*WORK ITEM*: Would you give again, exactly as written, the lines from the opening of the records to the line with "Tas de poudre", that line included and pictures excluded?

*Scraped caption text data*:
=== Begin Enclosure ===
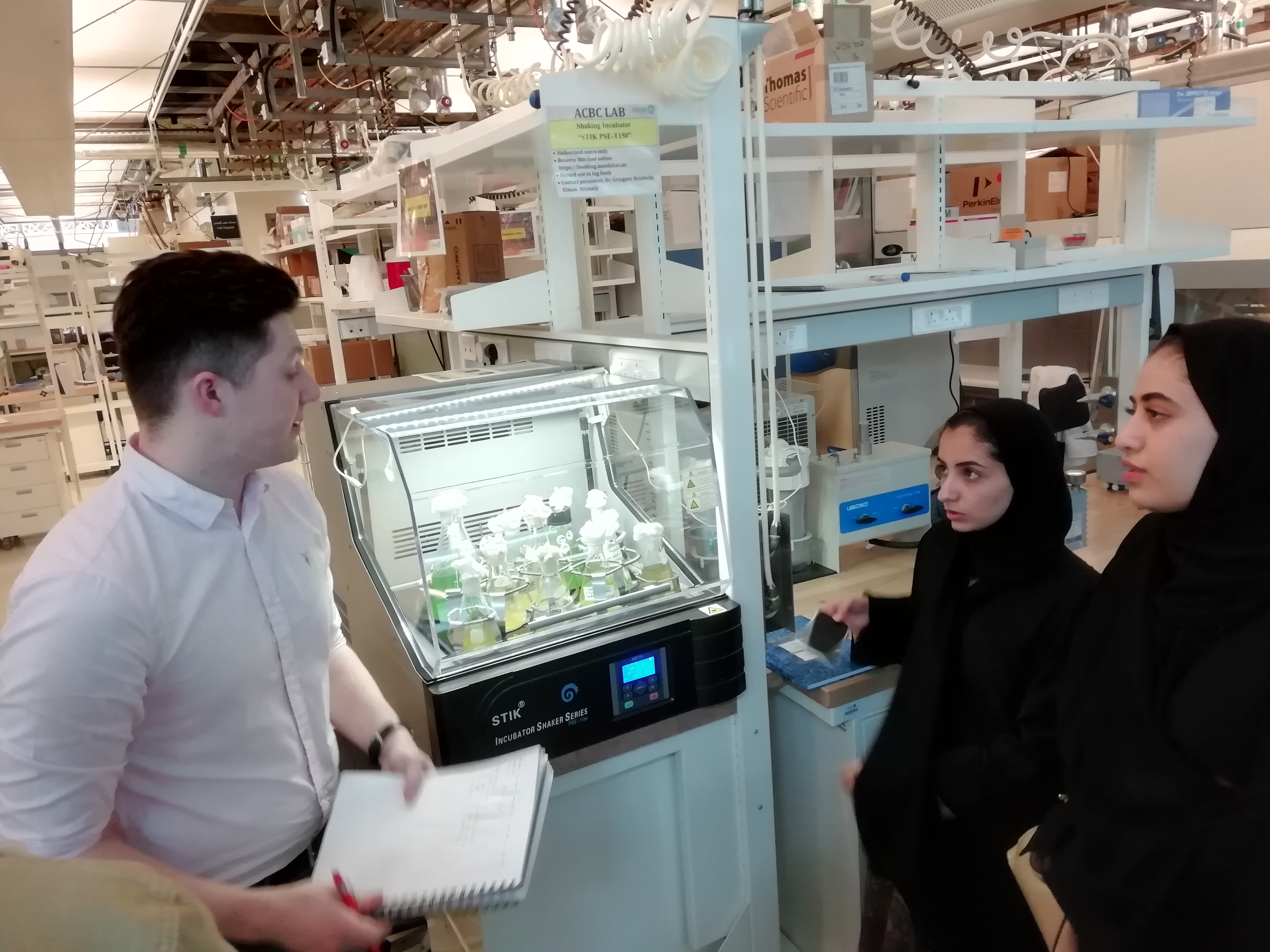 a man and a woman standing in front of a building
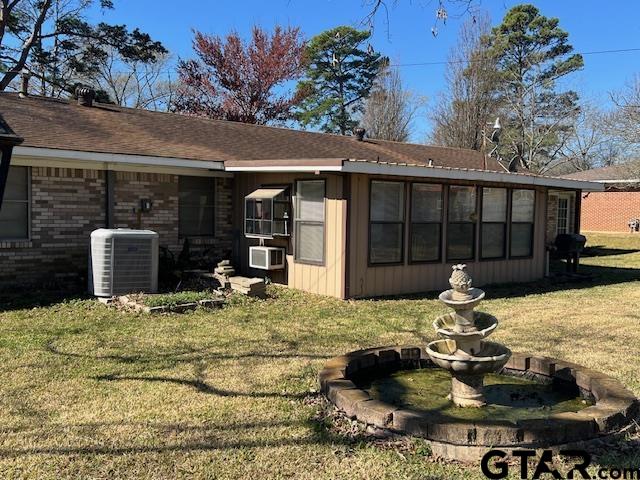 216 Arch Davis Road Pittsburg, TX 75686 - Photo 20 of 20 a view of a house with backyard patio and backyard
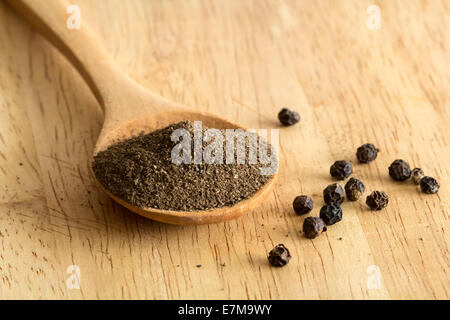 Tas de poudre de poivre noir sur une cuillère en bois et le poivre en grains, faible profondeur de champ Banque D'Images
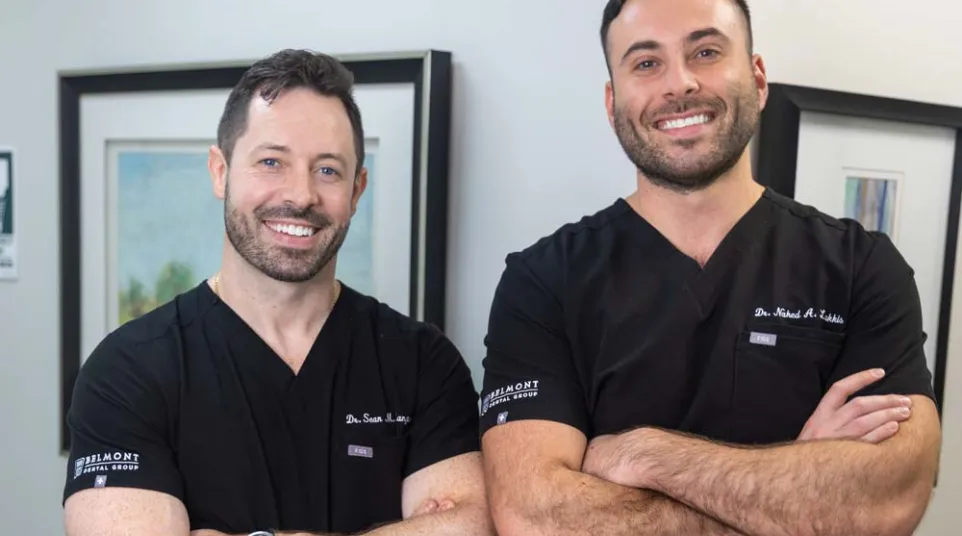 Two male doctors in black scrubs posing with arms crossed, smiling in a medical office setting.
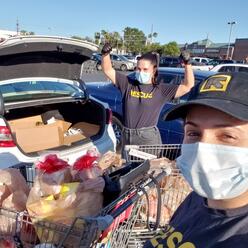 Two IRC staff members wearing face masks with shopping carts full of grocery bags.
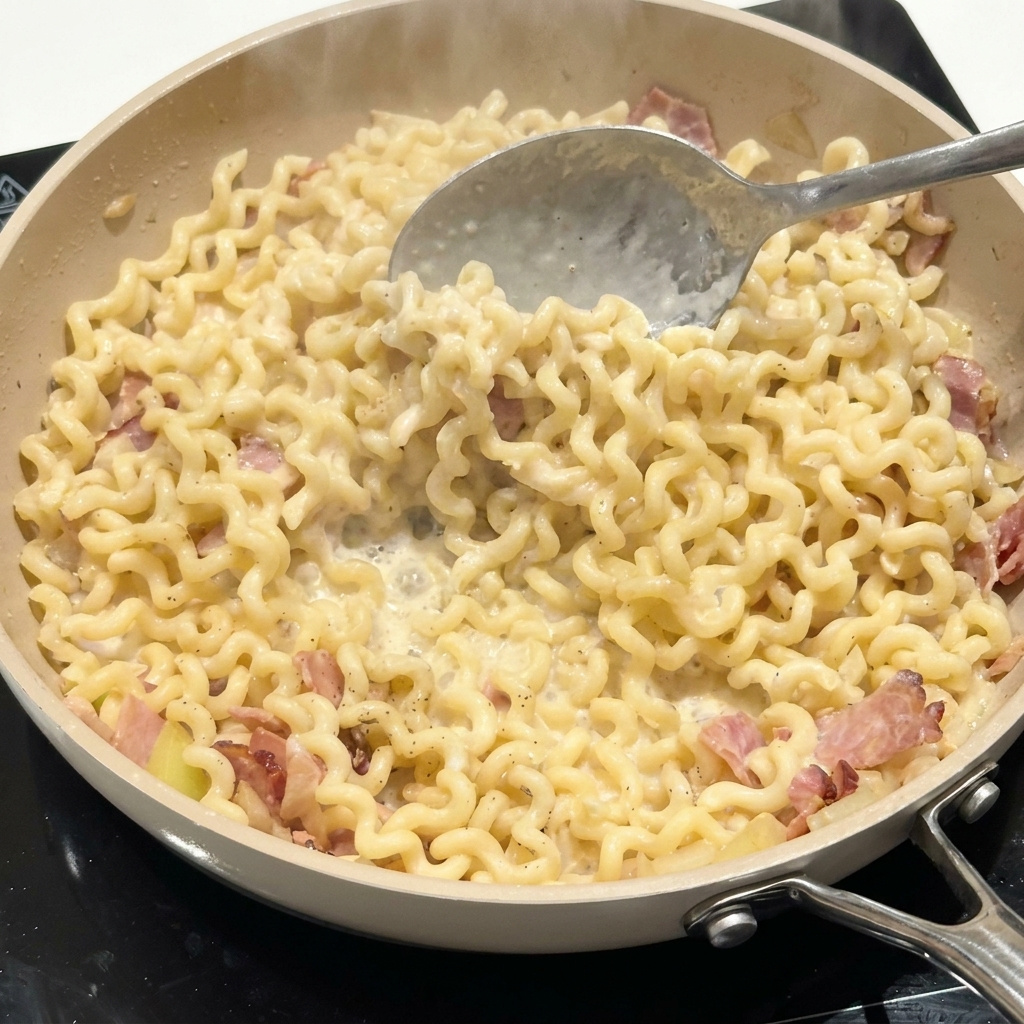 Cuchara de metal removiendo fideos rizados y tocino en una salsa cremosa dentro de una sartén.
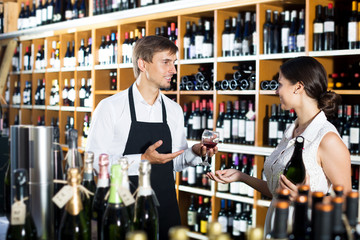 Seller in a wine house and visitor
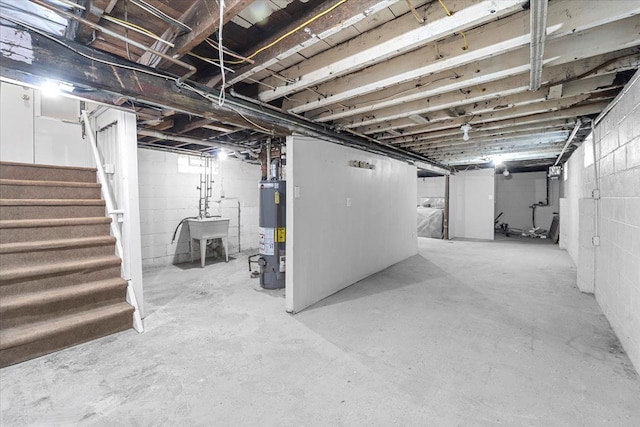 basement featuring gas water heater and sink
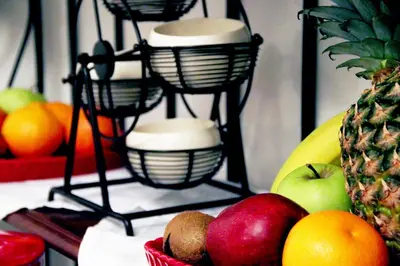 a fruit stand with bowls of fruit on a table at Suites Roma Tiburtina Economy in Rome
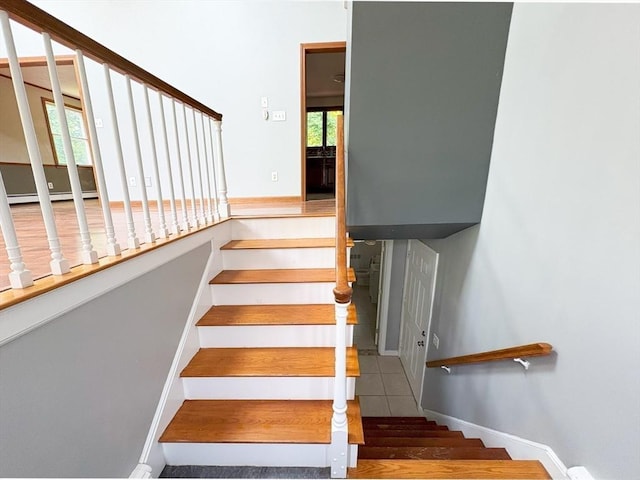 2 Robert Cohen Dr, Canton, MA 02021 - staircase featuring a baseboard radiator and baseboards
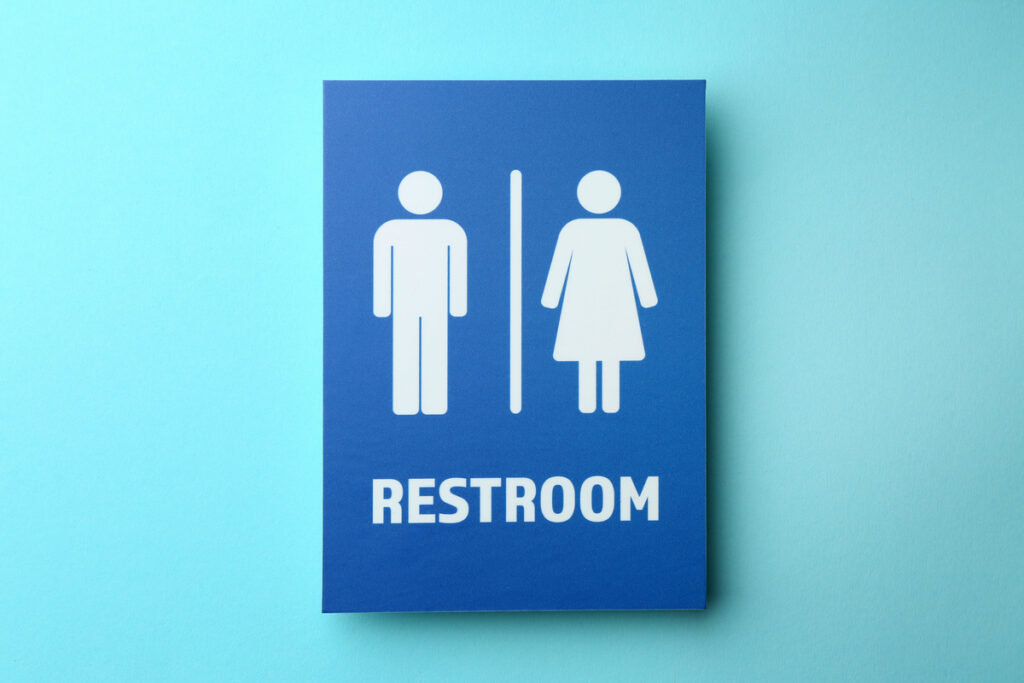 Blue restroom sign featuring male and female icons separated by a vertical divider and the word RESTROOM in white letters on a blue background.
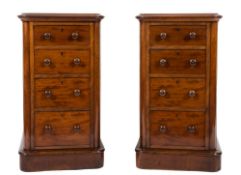 A pair of Victorian mahogany pedestal chests:, the tops each with a moulded edge,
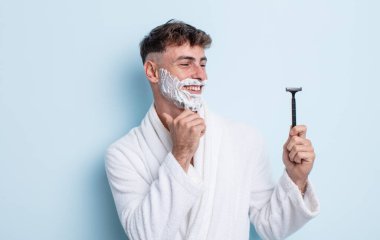 Genç ve yakışıklı bir adam mutlu ve kendinden emin bir ifadeyle gülümsüyor, elleri çenesinde. traş konsepti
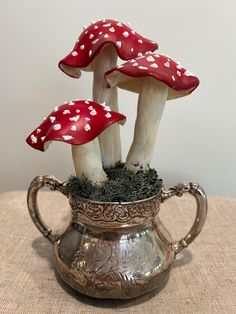 three red mushrooms sitting on top of a silver pot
=== End Enclosure ===
*EXPECTED ANSWER*:
 a man and a woman standing in front of a building
 216 Arch Davis Road Pittsburg, TX 75686 - Photo 20 of 20 a view of a house with backyard patio and backyard
 Tas de poudre de poivre noir sur une cuillère en bois et le poivre en grains, faible profondeur de champ Banque D'Images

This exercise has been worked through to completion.